▸ INPUT:
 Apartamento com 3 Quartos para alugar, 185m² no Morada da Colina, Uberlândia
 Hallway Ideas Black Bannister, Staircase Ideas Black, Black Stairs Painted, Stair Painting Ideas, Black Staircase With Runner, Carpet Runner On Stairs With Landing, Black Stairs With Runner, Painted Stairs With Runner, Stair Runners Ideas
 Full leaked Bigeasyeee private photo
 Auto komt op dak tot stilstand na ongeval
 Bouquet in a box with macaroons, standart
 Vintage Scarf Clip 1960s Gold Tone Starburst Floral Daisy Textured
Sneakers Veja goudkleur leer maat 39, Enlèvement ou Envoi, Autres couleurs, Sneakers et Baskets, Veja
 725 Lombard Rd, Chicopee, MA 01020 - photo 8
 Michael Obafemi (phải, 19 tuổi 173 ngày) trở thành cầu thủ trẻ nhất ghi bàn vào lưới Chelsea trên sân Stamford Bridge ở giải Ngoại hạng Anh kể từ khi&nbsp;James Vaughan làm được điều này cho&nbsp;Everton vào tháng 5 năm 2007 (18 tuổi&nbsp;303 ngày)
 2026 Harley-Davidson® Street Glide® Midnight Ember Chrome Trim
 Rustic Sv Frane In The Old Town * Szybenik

▸ WHAT TO DO: Find the line with "Hallway Ideas Black" in the material above. Reproduce it and each line after it up to and including the line with "725 Lombard Rd, Chicopee, MA 01020 - photo 8".

▸ EXERCISE RESULT:
 Hallway Ideas Black Bannister, Staircase Ideas Black, Black Stairs Painted, Stair Painting Ideas, Black Staircase With Runner, Carpet Runner On Stairs With Landing, Black Stairs With Runner, Painted Stairs With Runner, Stair Runners Ideas
 Full leaked Bigeasyeee private photo
 Auto komt op dak tot stilstand na ongeval
 Bouquet in a box with macaroons, standart
 Vintage Scarf Clip 1960s Gold Tone Starburst Floral Daisy Textured
Sneakers Veja goudkleur leer maat 39, Enlèvement ou Envoi, Autres couleurs, Sneakers et Baskets, Veja
 725 Lombard Rd, Chicopee, MA 01020 - photo 8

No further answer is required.